Can you do mixed precision with just the forward pass and not the loss?

Pytorch autocast mixed precision is useful, but all of the examples show it with context over both the forward pass and the loss. Does it also work with just the context over the forward pass, and ignoring the autocast for the loss term? For code-elegance reasons, I need to exclude it in part of the loss term.

I think it should work fine e.g., a simple toy example

import torch

batch_size = 128

print("running both in autocast")
loss_fn = torch.nn.CrossEntropyLoss()
torch.manual_seed(0)
inp = torch.randn(batch_size, 1, 28, 28, device='cuda')
target = torch.randint(0, 4, (batch_size,), device='cuda')
c = torch.nn.Conv2d(1, 4, 3, device='cuda')
with torch.autocast('cuda'):
  o = torch.mean(c(inp), (2, 3))
  loss = loss_fn(o, target)
print(loss)
loss.backward()
print(c.weight.grad)

print("running loss outside of autocast")
loss_fn = torch.nn.CrossEntropyLoss()
torch.manual_seed(0)
inp = torch.randn(batch_size, 1, 28, 28, device='cuda')
target = torch.randint(0, 4, (batch_size,), device='cuda')
c = torch.nn.Conv2d(1, 4, 3, device='cuda')
with torch.autocast('cuda'):
  o = torch.mean(c(inp), (2, 3))
loss = loss_fn(o.float(), target)
print(loss)
loss.backward()
print(c.weight.grad)
running both in autocast
tensor(1.4228, device='cuda:0', grad_fn=<NllLossBackward0>)
tensor([[[[ 5.9128e-04,  1.0681e-03,  8.3590e-04],
          [ 4.1270e-04,  1.0691e-03,  8.1015e-04],
          [-3.1173e-05,  5.8031e-04,  3.9482e-04]]],


        [[[-2.8467e-04, -5.3453e-04,  1.1891e-04],
          [ 1.7011e-04, -1.2958e-04,  3.4952e-04],
          [ 6.0225e-04,  2.3711e-04,  5.9605e-04]]],


        [[[-2.9230e-04, -3.6621e-04, -5.6601e-04],
          [-3.0875e-04, -4.0889e-04, -5.2071e-04],
          [-5.1451e-04, -4.6921e-04, -6.7139e-04]]],


        [[[-9.8944e-06, -1.6201e-04, -3.8552e-04],
          [-2.7370e-04, -5.3024e-04, -6.4039e-04],
          [-5.6267e-05, -3.4690e-04, -3.2020e-04]]]], device='cuda:0')
running loss outside of autocast
tensor(1.4228, device='cuda:0', grad_fn=<NllLossBackward0>)
tensor([[[[ 5.9128e-04,  1.0662e-03,  8.3447e-04],
          [ 4.1318e-04,  1.0681e-03,  8.0919e-04],
          [-3.0875e-05,  5.7936e-04,  3.9387e-04]]],


        [[[-2.8634e-04, -5.3549e-04,  1.1861e-04],
          [ 1.6904e-04, -1.2982e-04,  3.4976e-04],
          [ 6.0081e-04,  2.3639e-04,  5.9605e-04]]],


        [[[-2.9230e-04, -3.6621e-04, -5.6601e-04],
          [-3.0875e-04, -4.0889e-04, -5.2071e-04],
          [-5.1451e-04, -4.6921e-04, -6.7139e-04]]],


        [[[-7.3910e-06, -1.5986e-04, -3.8457e-04],
          [-2.6965e-04, -5.2691e-04, -6.3753e-04],
          [-5.2571e-05, -3.4356e-04, -3.1829e-04]]]], device='cuda:0')
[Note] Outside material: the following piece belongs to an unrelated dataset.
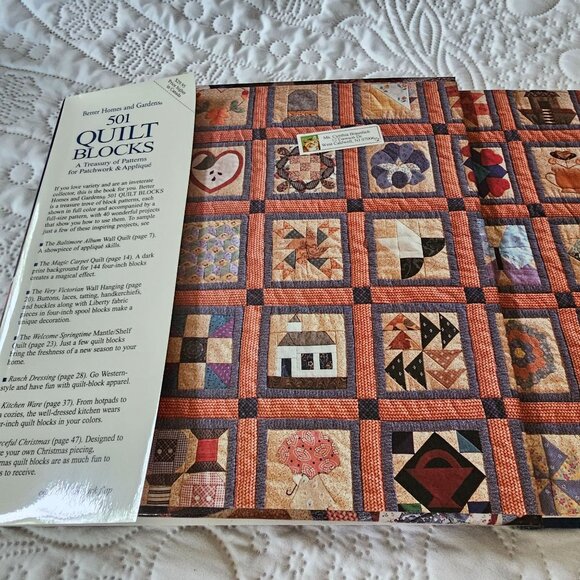 Better Homes & Gardens 501 Quilt Blocks Hardcover Book 1994 Edition - Picture 5 of 12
However, the casting rules might be different or unexpected outside of an autocast context, so I would double check that e.g., the input and output types to your loss function are what you expected.

Is there a reason why this line is enforced?
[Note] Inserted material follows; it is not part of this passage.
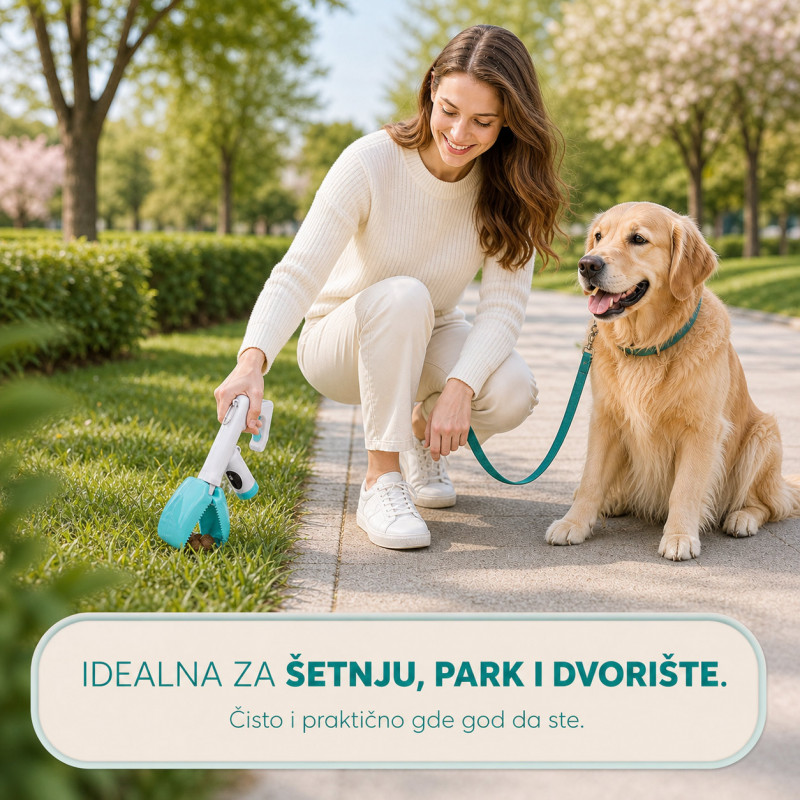 Pet Pooper lopatica za izmet – bez dodirivanja i nereda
if optimizer_state["stage"] is OptState.STEPPED:
            raise RuntimeError("step() has already been called since the last update().")

It seems like stepping the same optimizer twice after two independent backward passes wouldn’t be an issue.

Is updating the _scale absolutely necessary algorithmically?